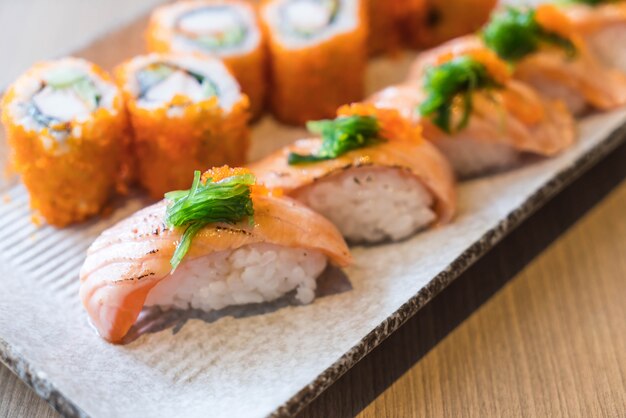 salmon sushi and salmon maki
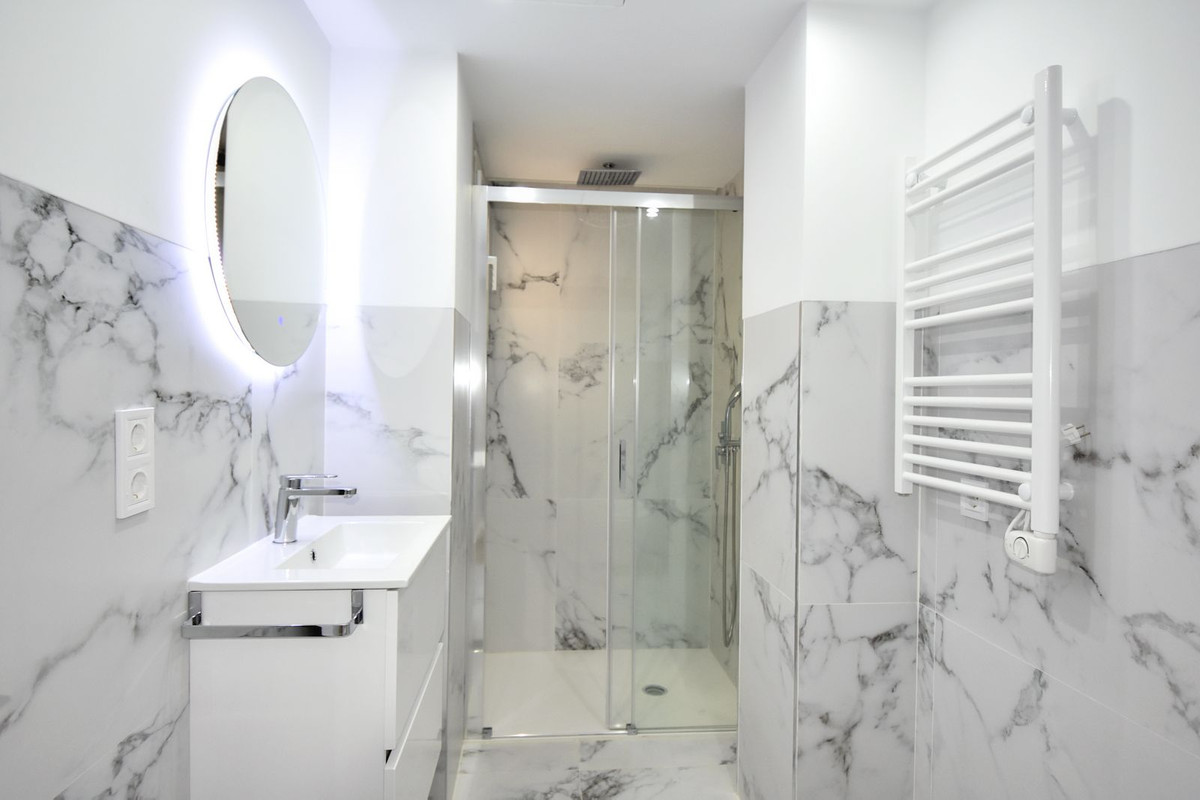 Appartement te koop in Soho | 3 slaapkamers H5023402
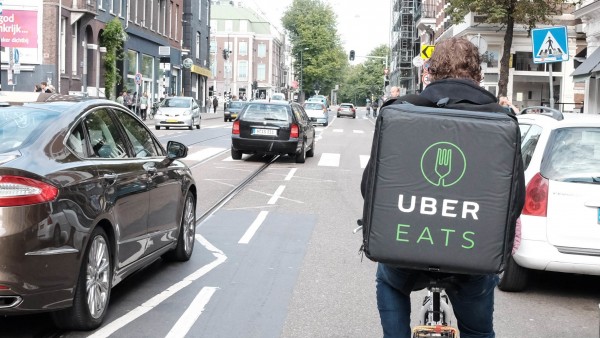 Repartidor de Uber Eats Repartidor de Uber Eats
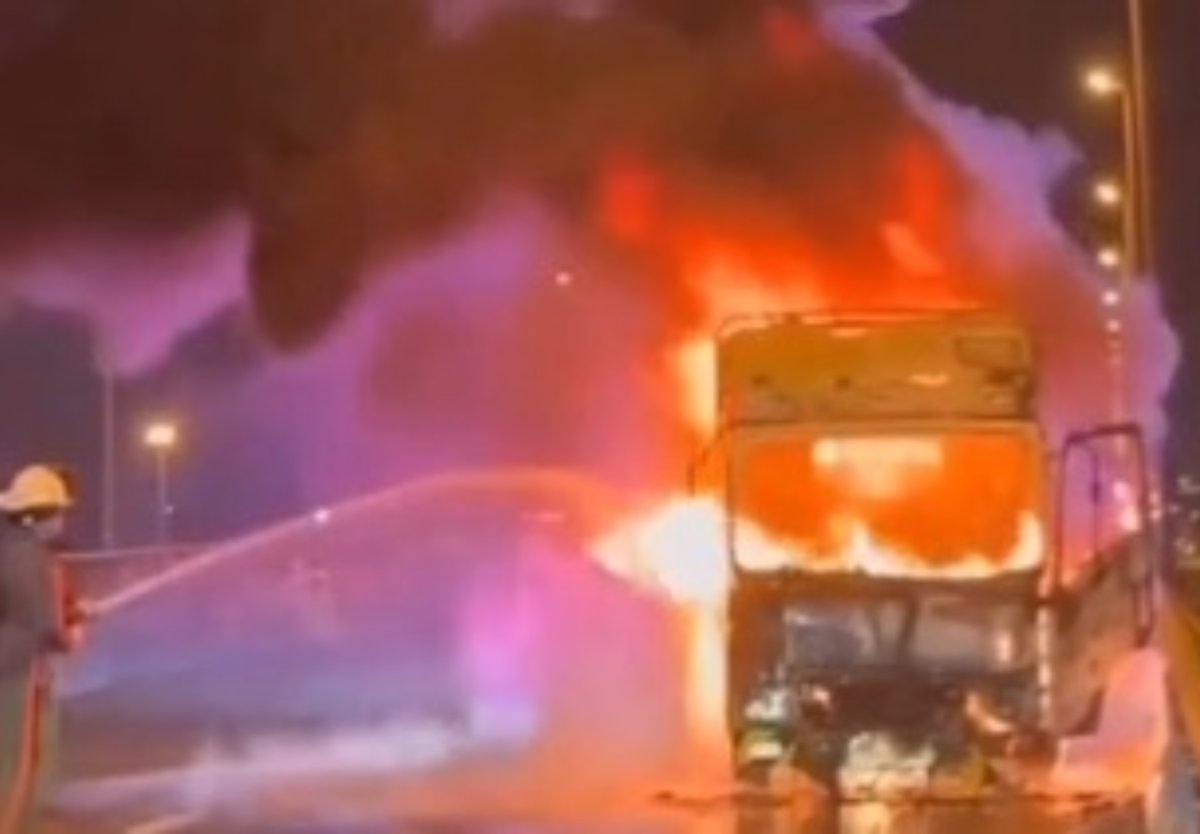 Fünf Verletzte bei Lkw-Brand auf Hochstraße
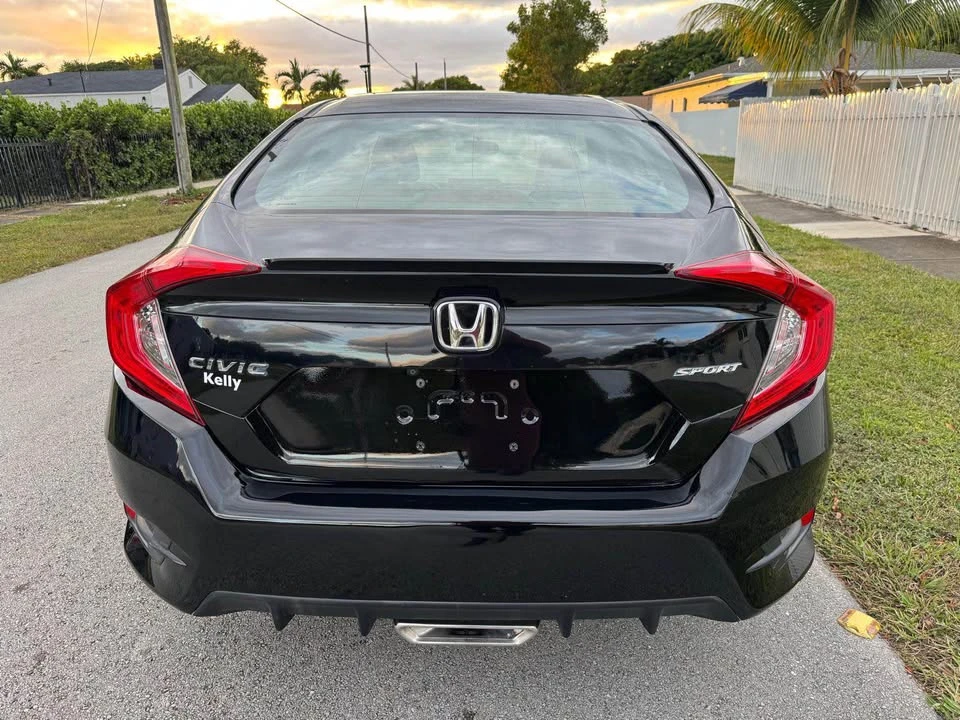 2020 Honda Civic 10th Gen - Image 7 of 15
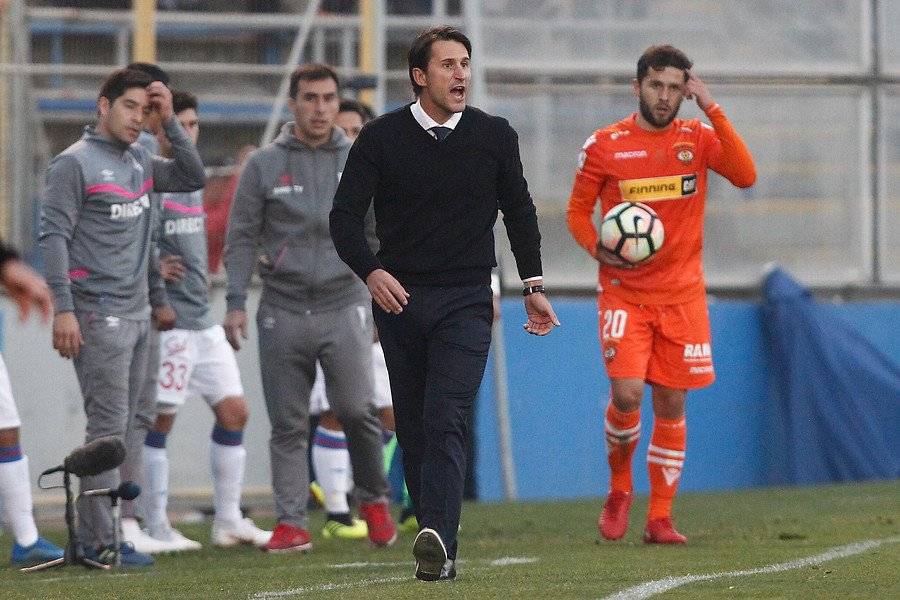 Beñat quedó con una muy buena impresión de Pablo Parra en el cruce entre la UC y Cobreloa por Copa Chile que ganaron los loínos / Foto: Photosport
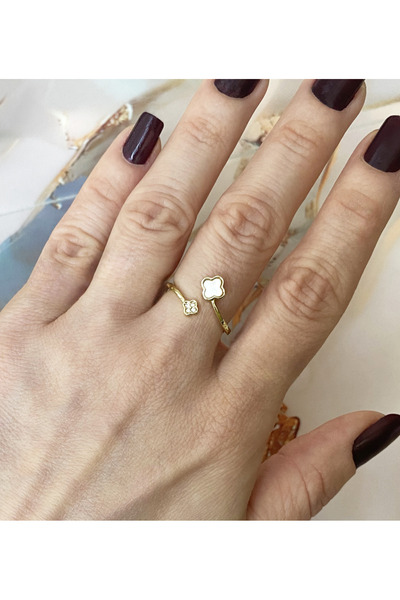 GOX Double Clover Ring with Pearlescent Stones
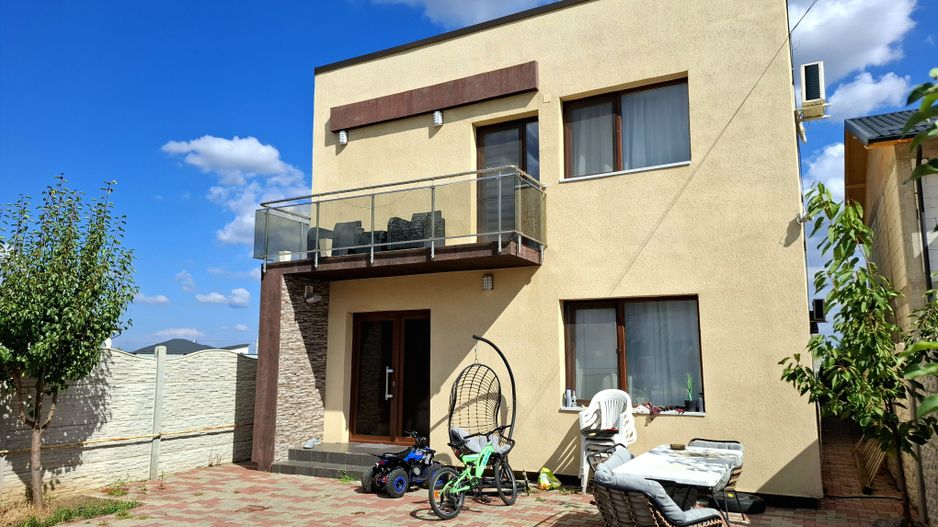 Casa P+1E, cu 5 camere, Strejnicu - Poză 1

▶ _Problem description_
The records above should be repeated exactly, with no pictures in the copy.

▶ _Exercise solution_
 salmon sushi and salmon maki
 Appartement te koop in Soho | 3 slaapkamers H5023402
 Repartidor de Uber Eats Repartidor de Uber Eats
 Fünf Verletzte bei Lkw-Brand auf Hochstraße
 2020 Honda Civic 10th Gen - Image 7 of 15
 Beñat quedó con una muy buena impresión de Pablo Parra en el cruce entre la UC y Cobreloa por Copa Chile que ganaron los loínos / Foto: Photosport
 GOX Double Clover Ring with Pearlescent Stones
 Casa P+1E, cu 5 camere, Strejnicu - Poză 1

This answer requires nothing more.